Para que se reconcilien el agresor y el agredido, o aun los que intercambiaron agresiones, es preciso, no cabe duda, que antes cese la agresión. ¿Un ejemplo? El de Sudáfrica. Que aseguran que Nicolás Massot, diputado por el PRO, conoce en profundidad, porque se ha especializado en el tema.
¿No es extraño que Massot colija de esa referencia, por demás tan considerable, una especie de conclusión respecto del caso argentino? ¿Y que desprenda de ella, más aún, un llamado a que nos reconciliemos todos por fin, después de lo que sucedió durante los años setenta?
De la reconciliación de los asesinados (en sus seres queridos) con los asesinos, de las violadas con los violadores, de los torturados con los torturadores, nada diré, lo dejo aparte. No haré el intento aquí de concebir la reconciliación de la embarazada con el tipo que la picaneó por la vagina, ni la de los familiares de los prisioneros que fueron arrojados al mar con aquellos que los arrojaron desde aviones criminales.
En esos años, como es bien sabido, no existió solamente la muerte. En la guerra que los represores aseveran haber librado, hubo además desaparecidos. Es decir, este tormento: el de la cruel sustracción de los cuerpos, la incertidumbre atroz, la imposibilidad incluso del duelo. Pues bien: esa situación en gran medida todavía se sostiene. ¿Qué hicieron con los cuerpos, dónde están? No lo dicen.

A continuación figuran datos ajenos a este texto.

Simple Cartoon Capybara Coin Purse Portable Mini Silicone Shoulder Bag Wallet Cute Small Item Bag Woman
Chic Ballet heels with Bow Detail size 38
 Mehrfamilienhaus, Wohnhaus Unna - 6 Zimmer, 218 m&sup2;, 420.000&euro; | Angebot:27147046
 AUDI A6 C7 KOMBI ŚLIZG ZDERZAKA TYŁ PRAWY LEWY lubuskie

Y en esos años, como es bien sabido, hubo robo de bebés. Los quitaron y se los llevaron, sin revelar quiénes eran ni en manos de quiénes estaban. Pues bien: también esa situación perdura. Porque esas personas, hoy adultos de alrededor de cuarenta años, siguen secuestradas, privadas de su derecho a la verdad y a la identidad. ¿Quiénes son, quién las tiene? No lo dicen.
Hablar, entonces, de reconciliación es cuando menos desconcertante. Si es que no, peor aún, un hecho de mala fe, un acto más de hostigamiento.